We are going to consider another aspect of the riches of Christ in connection with "our redemption according to the riches of His grace." This matter of redemption is a very big one, and it could take many hours of consideration, because like election, it is a matter which has been misunderstood and in some ways it has been distorted. There has been a good deal of confusion over the matter of this priceless wonder of our redemption, and the meaning of that word. The confusion arises when redemption is pictured as a matter of taking a slave out of bondage by paying the redemption money. Well, I say, there may be an element of truth in that idea of interpretation, but the difficulty and the confusion arises when you ask the question: "To whom is the money paid? Has God got to pay the devil something to get back that which he has taken? Is God a debtor to satan? Has God got to go into satan's slave market and put up a price to redeem that which satan has captured?' You see, it is an untenable idea, an unthinkable thing to ever contemplate that God is at the mercy of satan, that satan is in the position of saying, 'If You would like to pay me an adequate price, I will let you have what is in my possession.' We will never recognize that. So we have got to revise our idea of this matter of redemption. I say thee may be an element of truth in it. It may go just so far, as we shall probably see, but that is really not the whole truth, and if we are not clear about this matter of redemption, we shall be in some confusion.
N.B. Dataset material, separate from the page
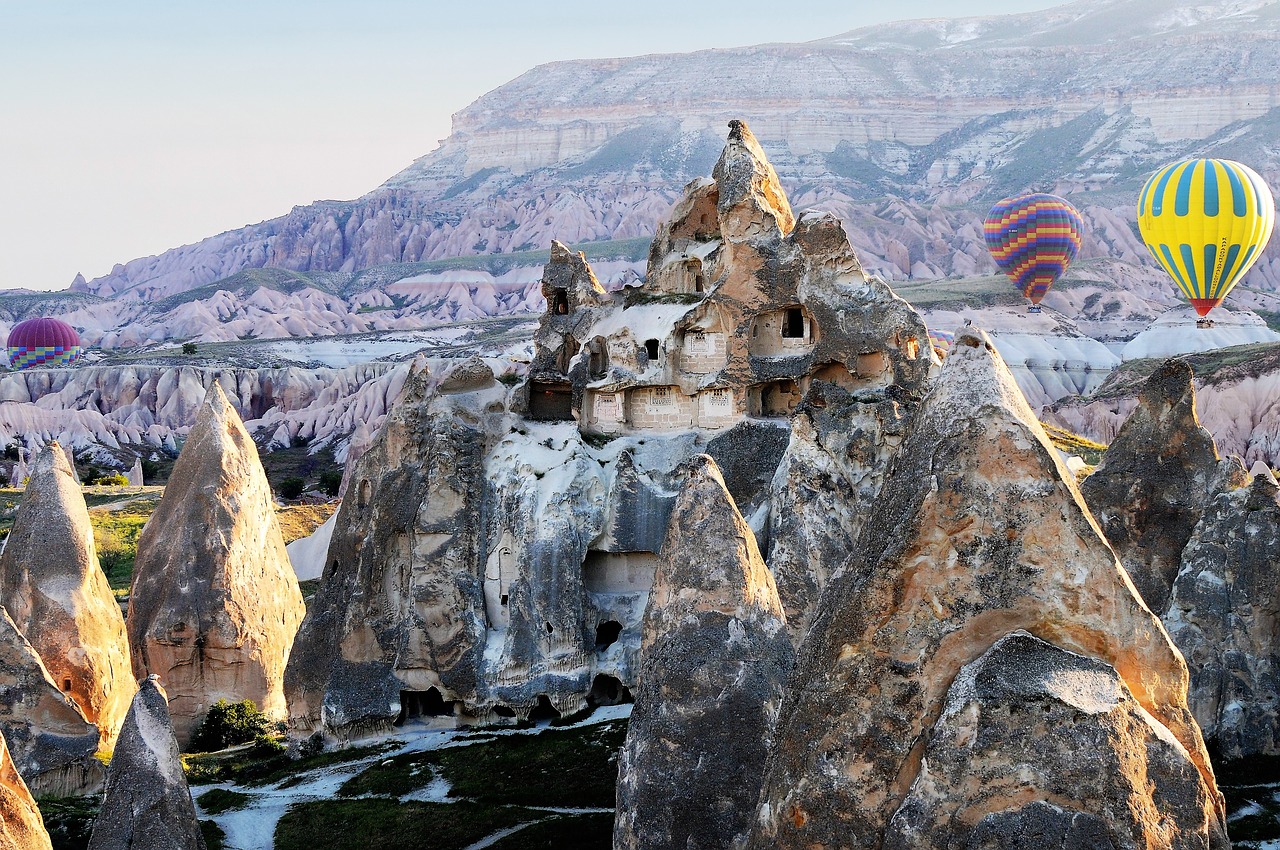 hot-air ballooning  cappadocia  turkey free photo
So, I want to try and make this thing clear, for it is important that we have a right understanding of things. We rejoice in redemption and we sing about redemption and we can never make too much of redemption, but there is some real value in understanding what we are talking about by having a right apprehension of the words and the terms that we use so commonly. So, I just trust that what I say about this may not make it seem to be a complicated thin, but rather to help us to appreciate the real meaning of redemption.
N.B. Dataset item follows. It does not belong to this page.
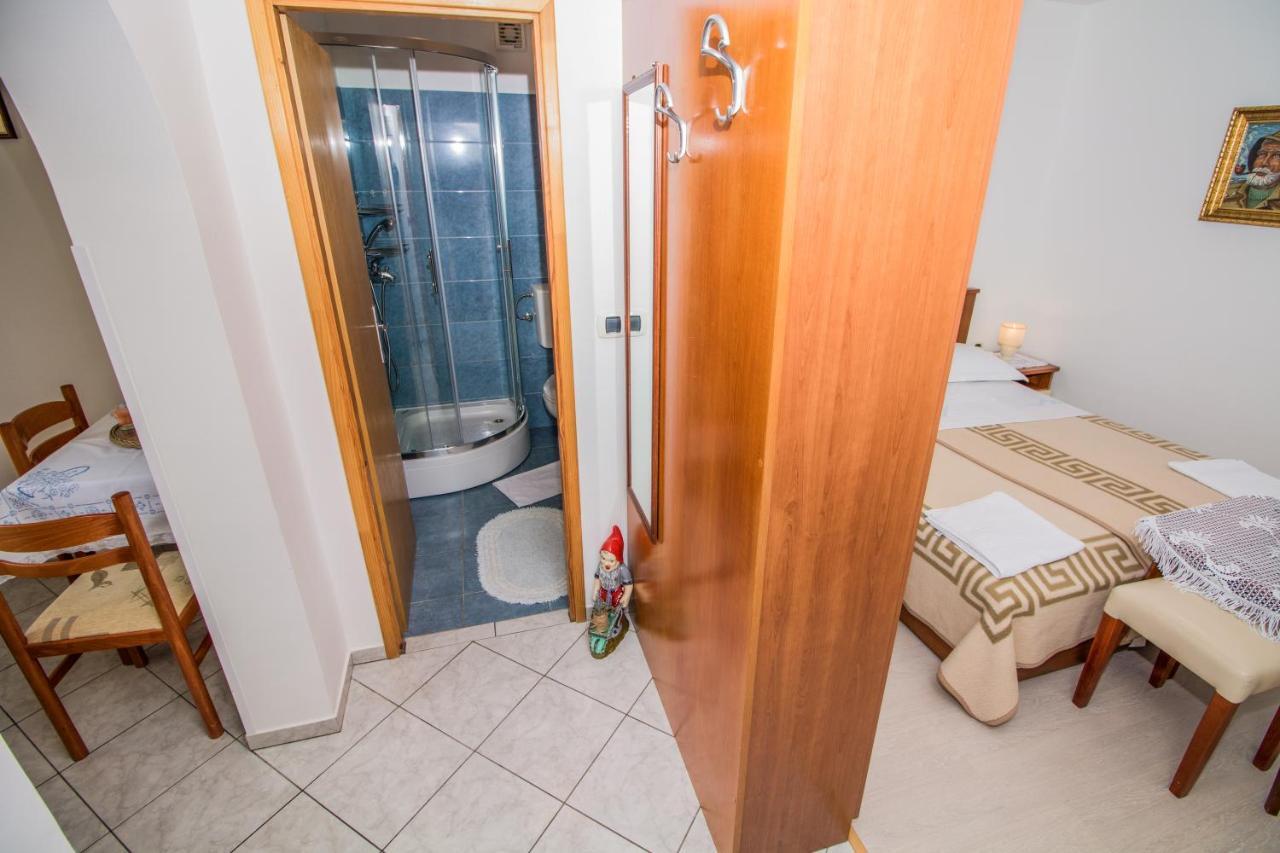 Rooms & Apartment Albina Baška Εξωτερικό φωτογραφία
"Hath Redeemed Us Unto God"

Now let us begin where it does begin. Redemption begins with being "unto God." It is redemption "unto God." No, the great word at the beginning of the Book of the Revelation says: "hath redeemed us unto God, unto God." That means that something has been taken from God which is God's right. And, as a result, if something has been taken from God, then the balance of things has been upset. Therefore, things are not equal, and things are not complete, because there is something lacking which belongs to God. And that being the case, then of course, things are unequal and things are unbalanced. If there is a family, and in that family there are two sons belonging to the one father, and one so is removed then the balance of the family is upset. It is lopsided, you see. It is one-sided, and the father's possession is divided and incomplete, and an unequal position obtains. If a shepherd has a hundred sheep, and that is his complete lot, that is everything he owns - his fullness - and one of those sheep is lost, the balance is upset and the thing is not complete, and his possession is interfered with and disturbed. Then, consequently, things are out of proportion. If a woman has a necklace with ten pieces of silver hanging from it, and one of those pieces of silver is lost, then the balance is upset and she has not go all that belongs to her. So, then, things are unequal, and the balance is disturbed.

However, bringing back of those lost things, whether it is a son or a sheep or a piece of silver restores the balance to the owner, and that is redemption unto God. God has all that belongs to Him, all that is His right, and there is completeness restored - "Redemption unto God." But what is it really that has been lost? Of course we have the parables and the illustration in the Scriptures, it is like an illustration of a son, a sheep, a piece of silver. Many other things are employed to illustrate the truth, but they are only illustrations. What is it really that has been lost and that has, by being lost, upset the balance? It is life. It is life. Now here is the deep mystery of redemption.

This is what we are met with in the Bible throughout, and, of course, I cannot trace this thing in half an hour, but what are we met with in the Bible throughout is the very matter of the disturbance of the balance of life. And God's demand is that that balance shall be restored. He is the Author, the Fountain, the Origin of the Whole Sum of Life. Life is God. He alone is the rightful Lord of Life. Life is God's, and so, it belongs to God. It is as though, if I may put it this way, God has so much Life, an ultimate of Life - Life is just so much in God and with God, it is not less, not more, but just so much in God that if something of That Life is taken away, you upset the balance of life. The whole thing is out of proportion. And redemption means restoring that balance, by restoring the fullness. Well, then, thee you have you Bible.